Moldy Fruit: Public Domain Decay Illustrations

Moldy Fruit! Get your moldy fruit here! We’ve got mold! We’ve got weird spots and bruises! Nobody beats our lumps and discoloration!

Yeah, decay is bad. It always seems to be inconveniently lurking between shower tiles and inside the forgotten corners of the refrigerator. Nevertheless it can also be interesting aesthetically.

Government Funded Decay

These watercolor images come from the massive USDA fruit illustration archive known as the USDA Pomological Watercolor Collection. Between 1886 and 1942 artists employed by the US government painted an incredible variety of fruit in accurate watercolor paintings. There are papayas and persimmons, chayotes and avocados, peaches and pears and thousands of apples. In fact there are 3807 images of apples in the collection in thousands of cultivars. You may find contemporary fruit favorites like Granny Smith and Red Delicious as well as mostly forgotten varieties such as Detroit Red and Ben Davis.

Grimes and Spitzenberg Apples Fruit Decay
Grimes and Spitzenberg Apples
1912
Lisbon Lemon Fruit Decay
Lisbon Lemon (advanced stages of Penicillium digitatum)
1910
Orange & Lemon Fruit Decay
Orange 1910
Lemon 1912

You're Perfect in My Heart

The artists painted plenty of blemish-free fruit which were used to illustrate the covers of various publications by the USDA. They were depicting real fruit though, and from time to time the artists worked on fruits that weren’t so perfect. Sometimes the fruits they received were damaged by diseases, climate, improper handling and transportation. Accordingly, the gifted illustrators captured all of this. Accuracy was important so that plant breeders might develop fruit varieties that were less susceptible to these issues.

For example, the dried up lemon above is not merely a representation of a dried up lemon. It was an actual lemon that artist James Marion Shull had in front of him back in 1912. Not only that, but he painstakingly depicted every tiny flake of its surface.

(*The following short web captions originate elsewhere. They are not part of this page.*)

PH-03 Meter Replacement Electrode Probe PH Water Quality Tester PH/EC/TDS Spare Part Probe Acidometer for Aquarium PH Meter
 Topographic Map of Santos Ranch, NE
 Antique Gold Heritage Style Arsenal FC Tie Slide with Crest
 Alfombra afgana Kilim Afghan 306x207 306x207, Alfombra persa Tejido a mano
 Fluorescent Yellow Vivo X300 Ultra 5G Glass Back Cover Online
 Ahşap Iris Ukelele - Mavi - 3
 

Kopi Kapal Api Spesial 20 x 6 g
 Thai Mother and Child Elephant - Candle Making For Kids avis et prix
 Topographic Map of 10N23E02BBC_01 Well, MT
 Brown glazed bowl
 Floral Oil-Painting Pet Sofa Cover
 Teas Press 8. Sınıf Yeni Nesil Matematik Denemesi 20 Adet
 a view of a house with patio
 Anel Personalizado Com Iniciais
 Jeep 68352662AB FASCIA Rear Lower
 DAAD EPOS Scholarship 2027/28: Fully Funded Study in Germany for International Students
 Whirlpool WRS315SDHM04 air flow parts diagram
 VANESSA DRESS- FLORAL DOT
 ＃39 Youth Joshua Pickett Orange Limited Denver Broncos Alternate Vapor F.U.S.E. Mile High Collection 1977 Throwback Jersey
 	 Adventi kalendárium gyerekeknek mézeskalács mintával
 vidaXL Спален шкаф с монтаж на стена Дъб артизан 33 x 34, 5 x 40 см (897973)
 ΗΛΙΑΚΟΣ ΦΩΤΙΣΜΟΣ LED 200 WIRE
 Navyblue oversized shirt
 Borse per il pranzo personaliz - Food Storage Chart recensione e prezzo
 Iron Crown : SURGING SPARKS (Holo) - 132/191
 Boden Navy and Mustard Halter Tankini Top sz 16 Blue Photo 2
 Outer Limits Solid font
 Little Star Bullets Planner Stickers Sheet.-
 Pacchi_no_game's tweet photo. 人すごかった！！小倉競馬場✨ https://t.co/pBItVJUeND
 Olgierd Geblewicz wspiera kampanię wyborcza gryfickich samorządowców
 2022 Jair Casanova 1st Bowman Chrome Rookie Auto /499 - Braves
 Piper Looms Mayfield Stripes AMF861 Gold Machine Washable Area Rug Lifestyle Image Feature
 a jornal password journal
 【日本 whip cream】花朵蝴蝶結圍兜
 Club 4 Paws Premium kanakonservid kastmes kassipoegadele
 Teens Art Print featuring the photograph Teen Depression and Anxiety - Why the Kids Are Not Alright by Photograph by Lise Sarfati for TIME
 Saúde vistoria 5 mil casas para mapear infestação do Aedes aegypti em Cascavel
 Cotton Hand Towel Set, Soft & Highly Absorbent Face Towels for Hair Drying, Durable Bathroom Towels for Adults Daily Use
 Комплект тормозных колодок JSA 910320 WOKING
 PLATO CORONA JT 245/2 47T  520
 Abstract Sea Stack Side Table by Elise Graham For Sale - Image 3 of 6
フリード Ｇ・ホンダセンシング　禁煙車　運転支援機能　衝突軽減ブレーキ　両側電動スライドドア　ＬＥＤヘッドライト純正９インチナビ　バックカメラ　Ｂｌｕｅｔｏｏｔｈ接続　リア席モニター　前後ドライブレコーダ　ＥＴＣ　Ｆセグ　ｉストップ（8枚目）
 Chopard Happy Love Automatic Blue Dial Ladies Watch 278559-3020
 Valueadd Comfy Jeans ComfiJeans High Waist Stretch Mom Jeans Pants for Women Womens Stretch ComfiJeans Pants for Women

Ben Davis Apple Fruit Decay
Ben Davis Apple (boron deficiency)
1912
Ananas Comosus Pineapple Fruit Decay
Pineapple 1919
Pomelo Fruit Decay
Pomelo (top) 1911
Pomelo (bottom) 1918

We chose to restore 16 of the moldiest, lumpiest, most blemished apples, lemons, oranges, pears, persimmons, pineapples and pomelos. They’re in the public domain and cleaned up of dust and scratches (and background free). You can use them for any personal or commercial project.